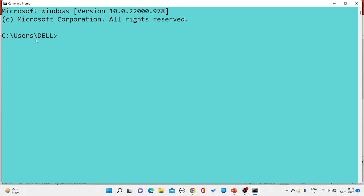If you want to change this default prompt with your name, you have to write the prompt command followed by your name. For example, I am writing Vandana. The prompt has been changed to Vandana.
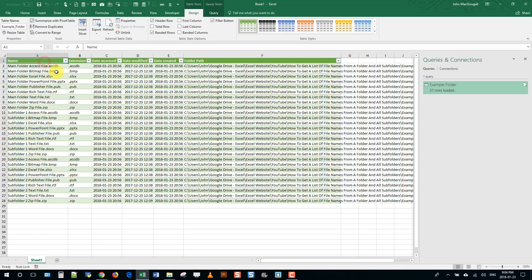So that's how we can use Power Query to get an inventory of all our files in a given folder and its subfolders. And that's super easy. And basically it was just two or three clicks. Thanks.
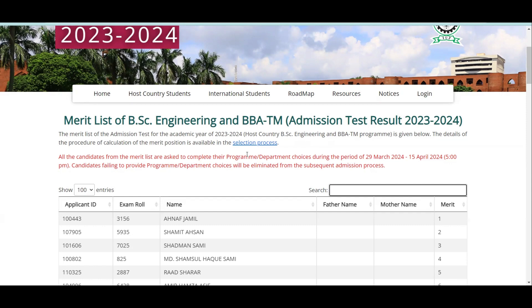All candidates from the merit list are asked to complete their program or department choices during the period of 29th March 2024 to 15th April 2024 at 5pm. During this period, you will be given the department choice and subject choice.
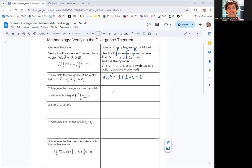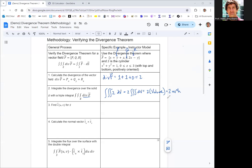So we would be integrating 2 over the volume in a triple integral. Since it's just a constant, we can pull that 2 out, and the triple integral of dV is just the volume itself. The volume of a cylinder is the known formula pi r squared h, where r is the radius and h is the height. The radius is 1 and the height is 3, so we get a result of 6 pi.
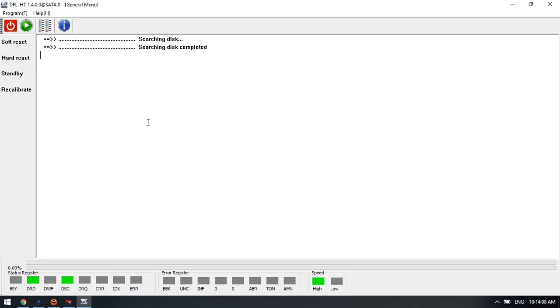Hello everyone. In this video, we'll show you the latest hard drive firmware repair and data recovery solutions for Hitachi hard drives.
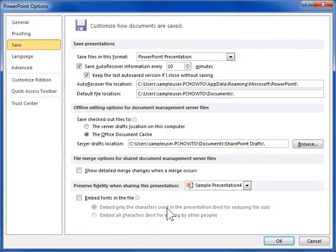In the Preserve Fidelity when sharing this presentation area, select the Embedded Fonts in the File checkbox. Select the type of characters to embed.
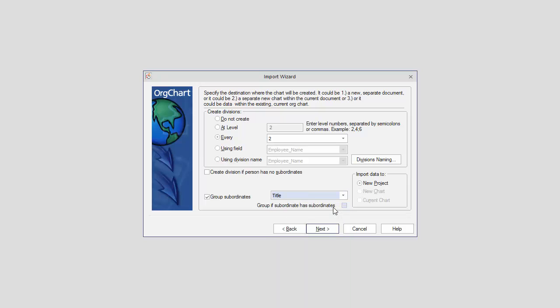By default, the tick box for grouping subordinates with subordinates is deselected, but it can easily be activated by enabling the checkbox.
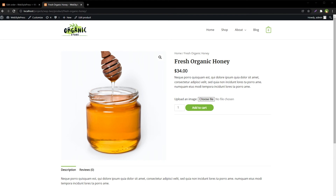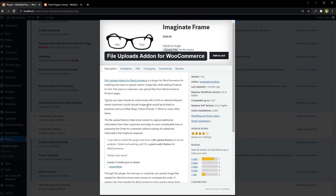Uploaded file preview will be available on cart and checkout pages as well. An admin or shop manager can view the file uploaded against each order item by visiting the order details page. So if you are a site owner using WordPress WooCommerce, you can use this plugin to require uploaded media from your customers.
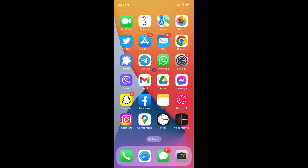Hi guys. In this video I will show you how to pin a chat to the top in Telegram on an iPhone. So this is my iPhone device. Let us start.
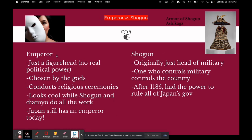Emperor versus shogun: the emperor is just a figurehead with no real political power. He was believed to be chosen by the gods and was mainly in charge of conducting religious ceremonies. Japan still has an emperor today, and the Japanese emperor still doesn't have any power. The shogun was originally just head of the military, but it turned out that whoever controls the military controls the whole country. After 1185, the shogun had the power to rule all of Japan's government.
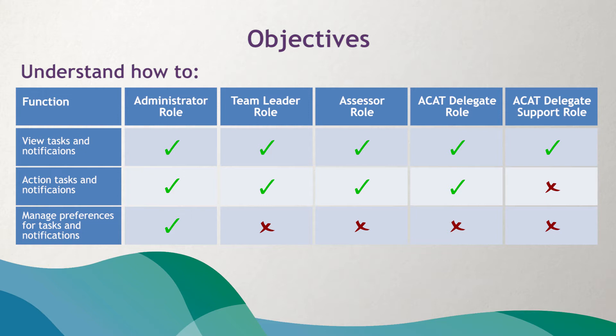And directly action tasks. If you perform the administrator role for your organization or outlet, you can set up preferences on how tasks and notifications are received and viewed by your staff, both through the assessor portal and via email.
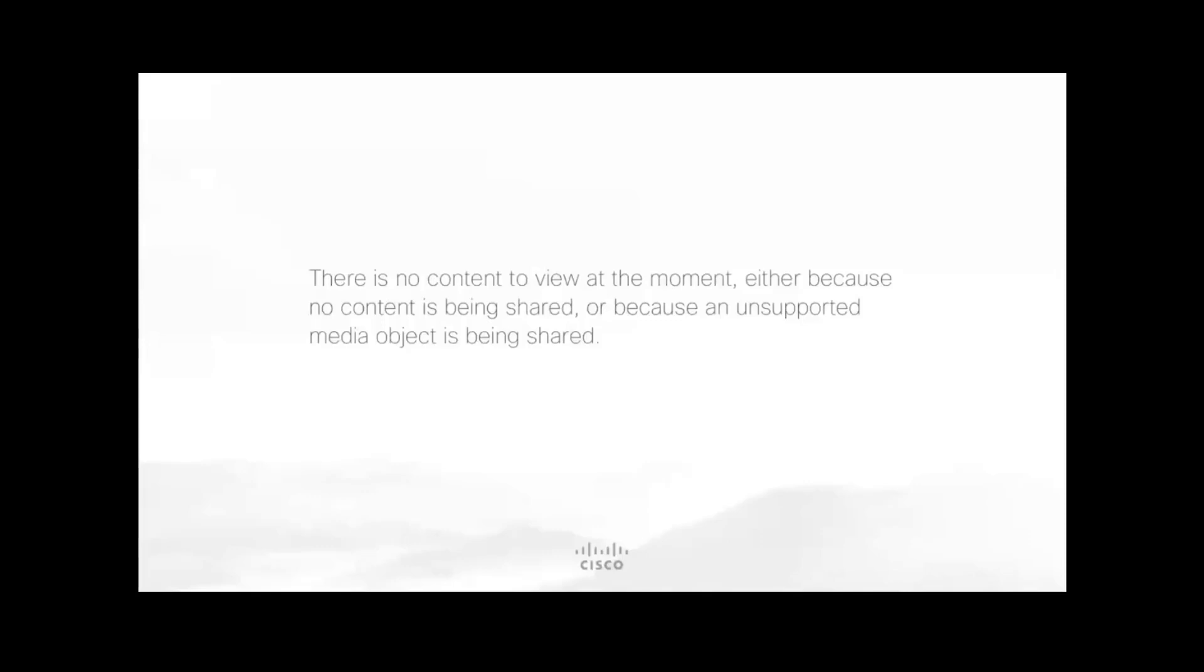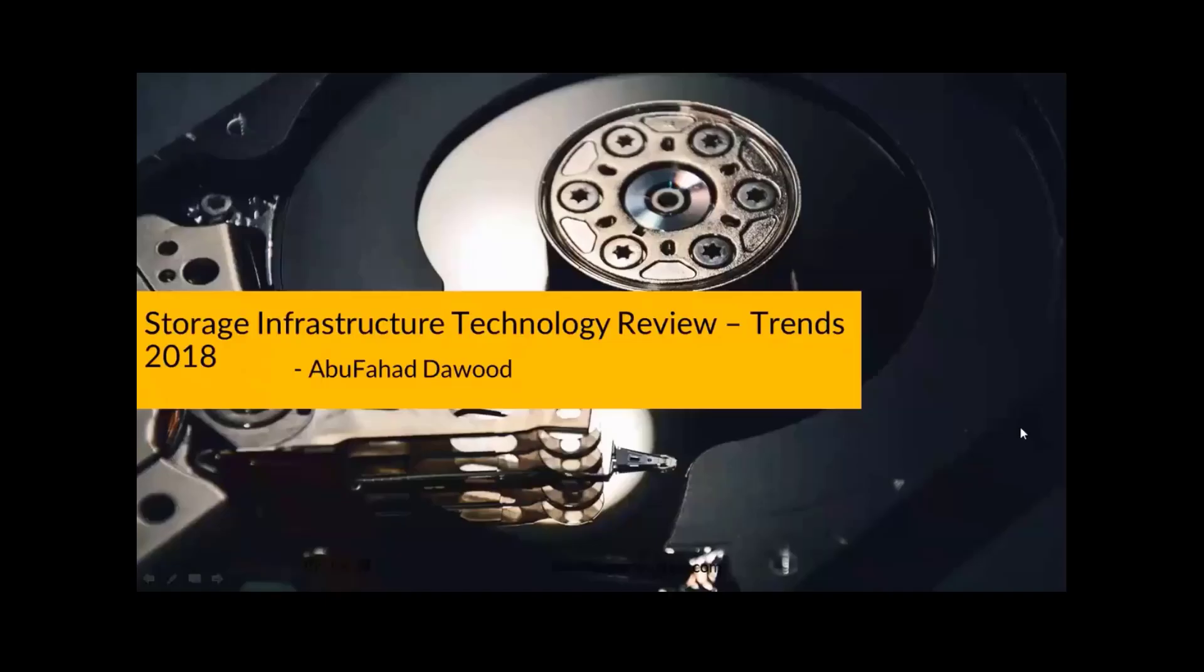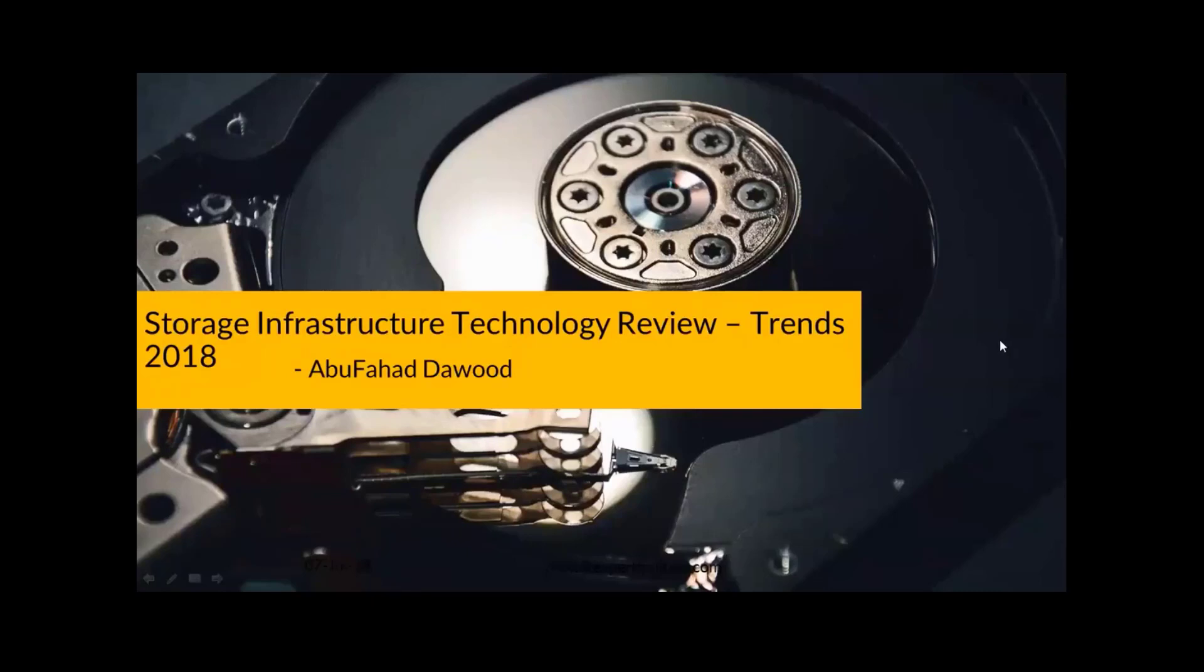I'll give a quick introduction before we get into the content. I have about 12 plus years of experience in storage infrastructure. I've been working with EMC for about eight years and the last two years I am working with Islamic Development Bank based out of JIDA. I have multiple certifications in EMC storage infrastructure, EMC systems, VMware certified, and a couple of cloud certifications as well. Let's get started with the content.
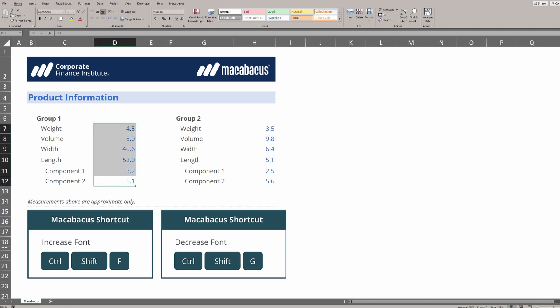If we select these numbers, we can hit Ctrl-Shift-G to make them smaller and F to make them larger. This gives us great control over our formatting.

Work item: Starting at the line that contains "I'll give a", return every line through the end of the records above exactly as written, and return no pictures.

Task response:
I'll give a quick introduction before we get into the content. I have about 12 plus years of experience in storage infrastructure. I've been working with EMC for about eight years and the last two years I am working with Islamic Development Bank based out of JIDA. I have multiple certifications in EMC storage infrastructure, EMC systems, VMware certified, and a couple of cloud certifications as well. Let's get started with the content.
If we select these numbers, we can hit Ctrl-Shift-G to make them smaller and F to make them larger. This gives us great control over our formatting.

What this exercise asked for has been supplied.